In response to the newspaper’s findings, the IoF brought together fundraising directors from major UK charities that use the technique for a summit in July about the future of street fundraising.
An investigation by the FRSB, published this month, found "significant failures" at Tag which led to several breaches of the fundraising code, and resulted in Marie Curie being referred to the Charity Commission to investigate its finding that fundraisers had broken charity law around solicitation statements.
The PFRA appointed a new chief executive, Sally de la Bedoyere, to replace Mick Aldridge, who stepped down last September.
The association has since been reaffirming its role as face-to-face regulator and building a closer relationship with local government.
November saw the long-awaited launch of the IoF’s single Code of Fundraising Practice, condensing the 28 old codes into one, which features web links to extra guidance.
The year also saw Camelot lose its High Court battle for a judicial review into the Health Lottery.

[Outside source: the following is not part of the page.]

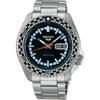 Seiko Stainless Steel 5 Sports Analog Watch Special Edition Multicolor Band Color Silver Men's 'Checker Flag' - Srpk67K1, Dial, -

The National Lottery operator also withdrew its application for leave to appeal and instead called on the government to close a "loophole" in the Gambling Act that could see similar society lotteries eat away at Camelot’s ticket sales.
The year drew to a close with some worrying research by the Charities Aid Foundation and the National Council for Voluntary Organisations in November, which found charitable donations were down 20 per cent, or £2.3bn, in real terms compared to 2011.
The findings were widely questioned with academics and sector bodies, including the IoF, saying their evidence from charities pointed to giving remaining flat or, more optimistically, being slight up on last year.